• **ENTRIES PROVIDED**:

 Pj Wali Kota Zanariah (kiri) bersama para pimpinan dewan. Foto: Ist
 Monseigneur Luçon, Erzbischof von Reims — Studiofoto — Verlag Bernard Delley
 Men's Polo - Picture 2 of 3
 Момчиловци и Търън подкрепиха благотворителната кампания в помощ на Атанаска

---

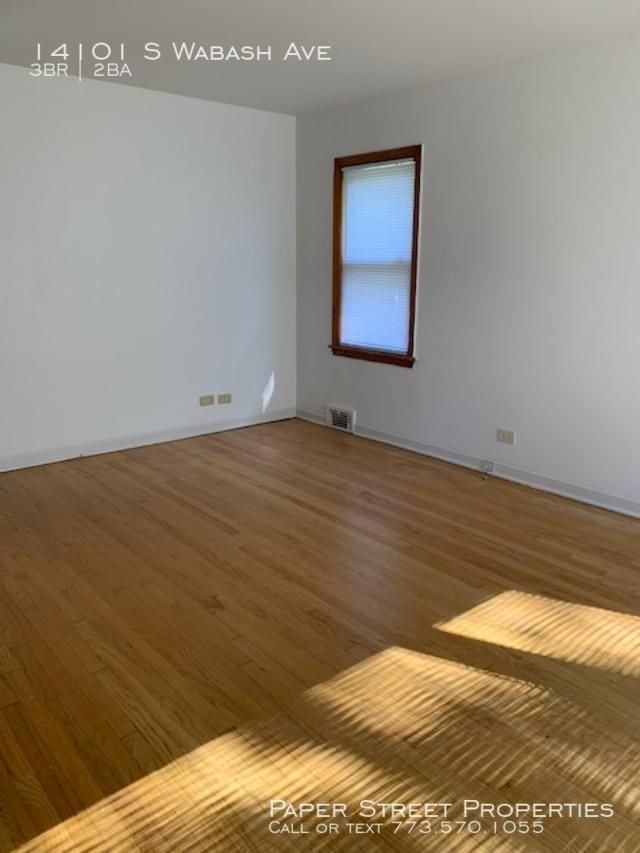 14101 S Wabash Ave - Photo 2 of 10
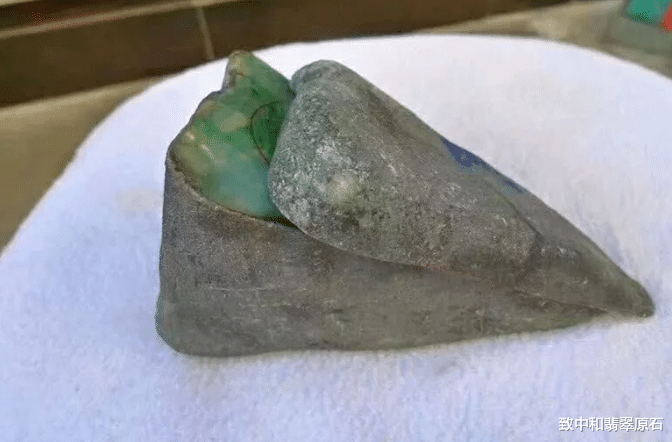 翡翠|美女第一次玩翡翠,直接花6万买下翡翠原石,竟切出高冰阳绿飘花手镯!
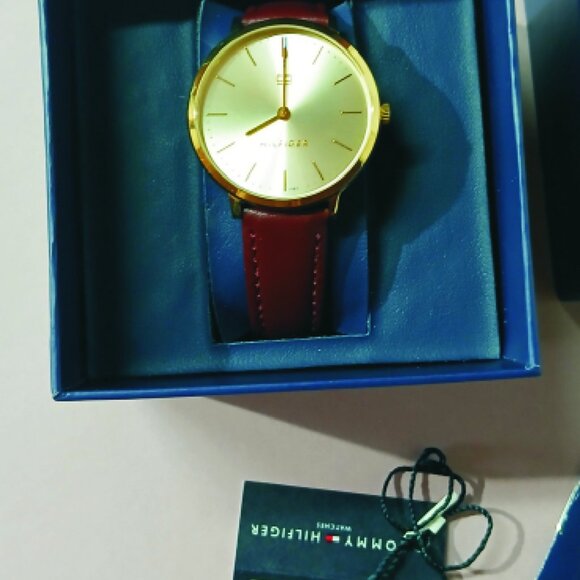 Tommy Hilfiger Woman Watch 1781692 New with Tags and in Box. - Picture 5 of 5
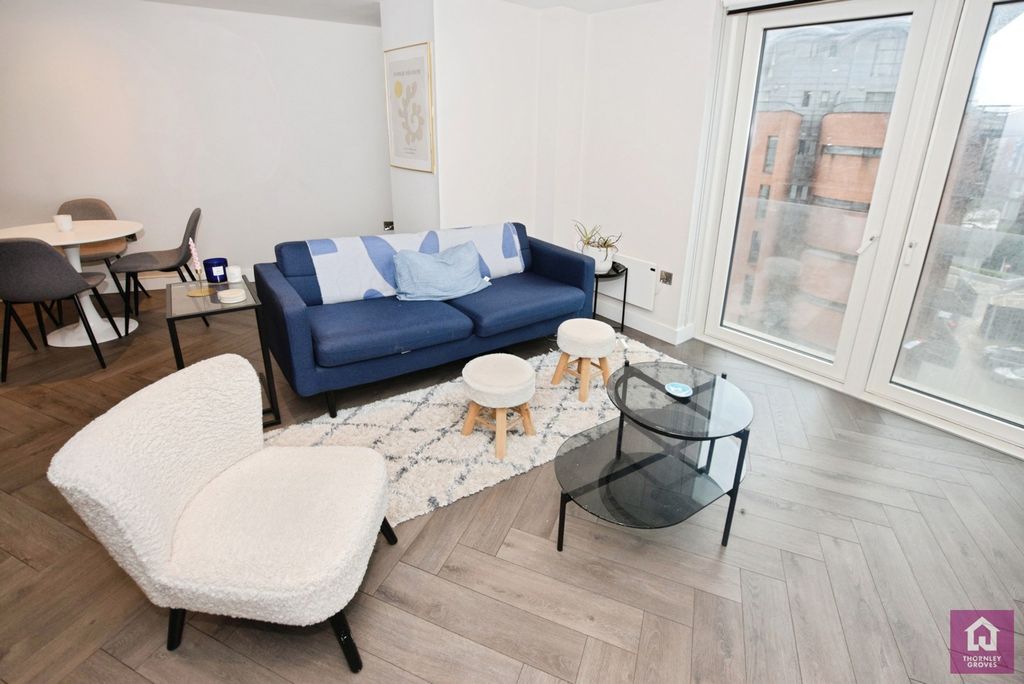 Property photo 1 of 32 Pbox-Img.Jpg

==

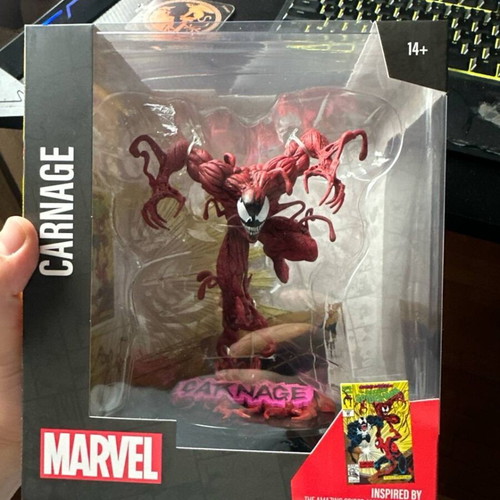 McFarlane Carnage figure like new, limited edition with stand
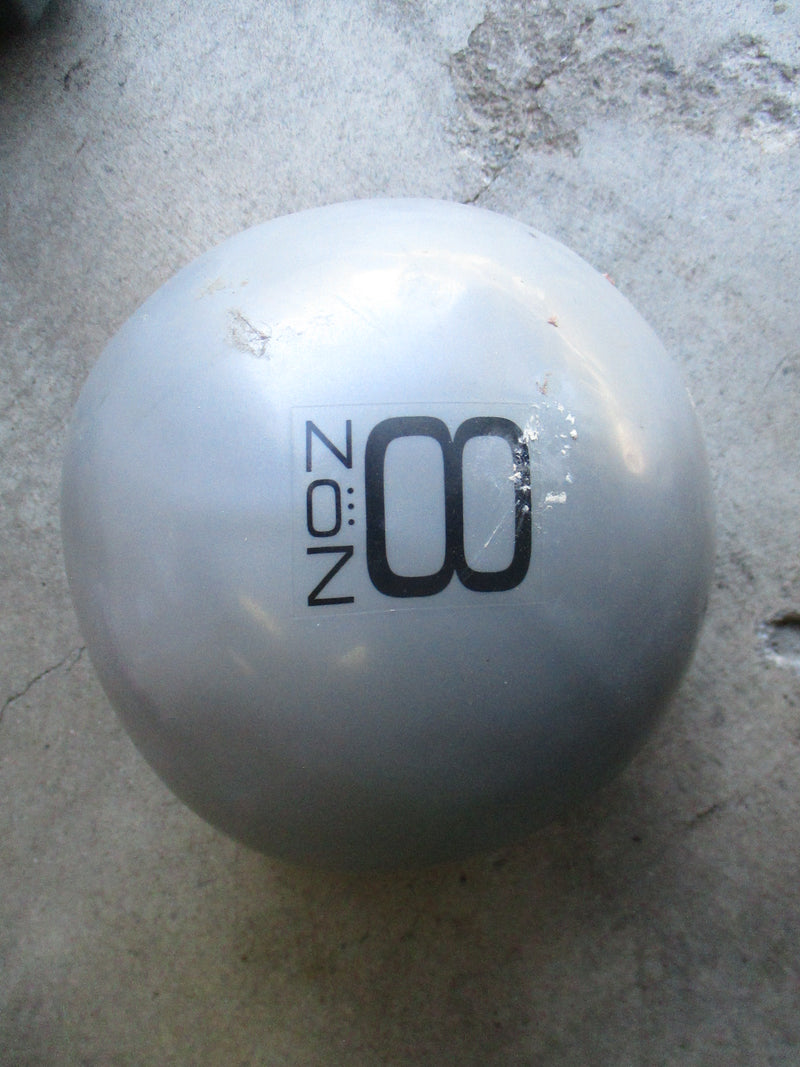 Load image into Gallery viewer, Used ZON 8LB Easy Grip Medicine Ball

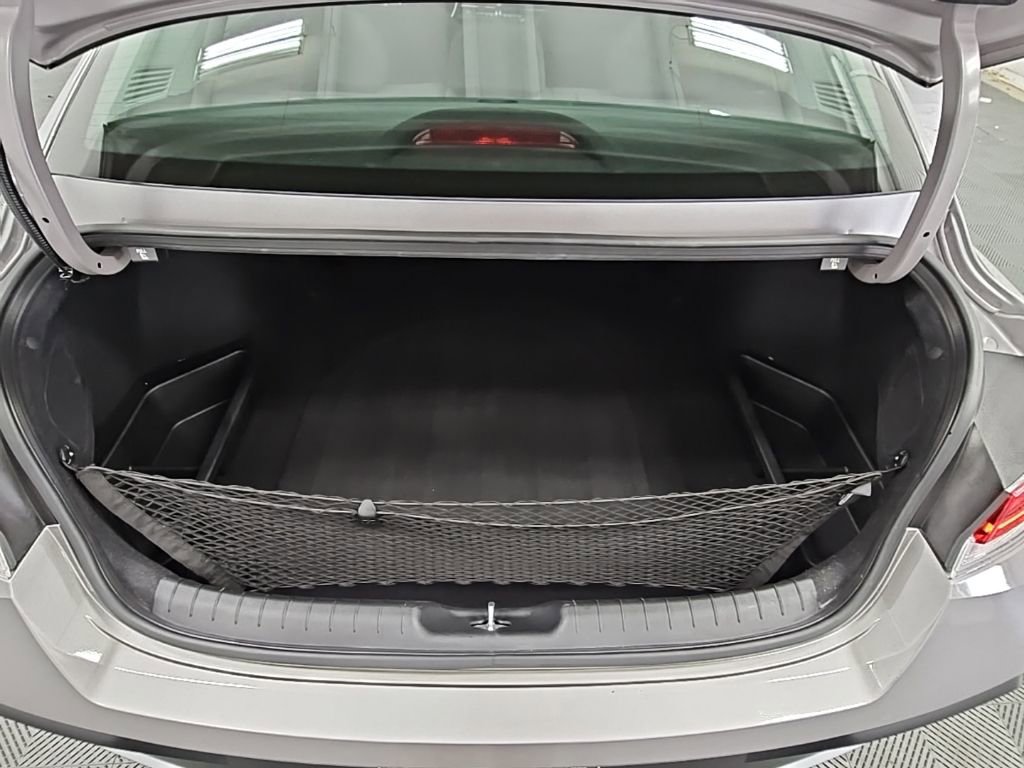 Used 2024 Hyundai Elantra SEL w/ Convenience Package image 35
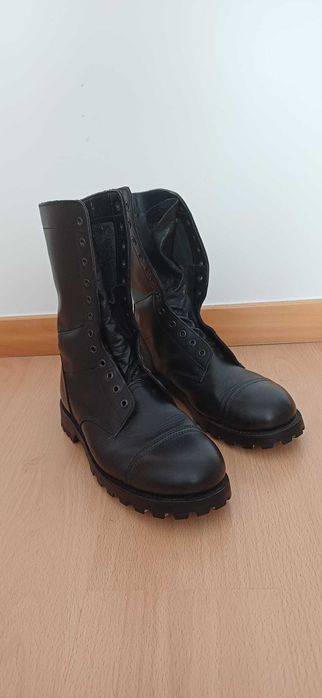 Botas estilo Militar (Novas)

• **WORK ORDER**: In the records above, find the line containing "翡翠|美女第一次玩翡翠,直接花6万买下翡翠原石,竟切出高冰阳绿飘花手镯!" and the line containing "Property photo 1 of 32 Pbox-Img.Jpg", then give both of them again word for word along with every line between. Omit any pictures.

• **ANSWER TO THIS PROBLEM**:
 翡翠|美女第一次玩翡翠,直接花6万买下翡翠原石,竟切出高冰阳绿飘花手镯!
 Tommy Hilfiger Woman Watch 1781692 New with Tags and in Box. - Picture 5 of 5
 Property photo 1 of 32 Pbox-Img.Jpg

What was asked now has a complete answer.